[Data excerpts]
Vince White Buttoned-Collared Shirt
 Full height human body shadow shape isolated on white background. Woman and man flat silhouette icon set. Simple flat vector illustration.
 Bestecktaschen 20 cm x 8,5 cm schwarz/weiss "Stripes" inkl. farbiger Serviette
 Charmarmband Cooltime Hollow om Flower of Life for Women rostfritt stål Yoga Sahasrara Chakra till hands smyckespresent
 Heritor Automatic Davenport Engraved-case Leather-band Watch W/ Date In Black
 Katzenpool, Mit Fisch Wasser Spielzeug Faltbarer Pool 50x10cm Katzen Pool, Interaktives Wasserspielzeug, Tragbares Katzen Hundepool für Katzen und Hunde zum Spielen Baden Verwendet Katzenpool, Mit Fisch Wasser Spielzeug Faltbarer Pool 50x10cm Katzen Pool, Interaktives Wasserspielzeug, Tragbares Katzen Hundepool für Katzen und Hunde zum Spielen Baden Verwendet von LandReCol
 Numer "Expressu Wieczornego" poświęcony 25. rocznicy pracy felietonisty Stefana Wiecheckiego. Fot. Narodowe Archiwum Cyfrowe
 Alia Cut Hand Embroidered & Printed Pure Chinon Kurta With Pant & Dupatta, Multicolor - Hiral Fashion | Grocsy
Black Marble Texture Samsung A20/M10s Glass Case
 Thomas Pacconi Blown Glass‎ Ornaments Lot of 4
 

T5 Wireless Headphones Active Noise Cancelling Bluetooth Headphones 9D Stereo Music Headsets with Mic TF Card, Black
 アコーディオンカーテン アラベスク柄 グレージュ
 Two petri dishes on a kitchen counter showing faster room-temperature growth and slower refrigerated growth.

## TASK ITEM
Look above for the line containing "Alia Cut Hand". Output from there through the line containing "アコーディオンカーテン アラベスク柄 グレージュ", exactly and inclusively.

## SOLUTION TO THIS PROBLEM
 Alia Cut Hand Embroidered & Printed Pure Chinon Kurta With Pant & Dupatta, Multicolor - Hiral Fashion | Grocsy
Black Marble Texture Samsung A20/M10s Glass Case
 Thomas Pacconi Blown Glass‎ Ornaments Lot of 4
 

T5 Wireless Headphones Active Noise Cancelling Bluetooth Headphones 9D Stereo Music Headsets with Mic TF Card, Black
 アコーディオンカーテン アラベスク柄 グレージュ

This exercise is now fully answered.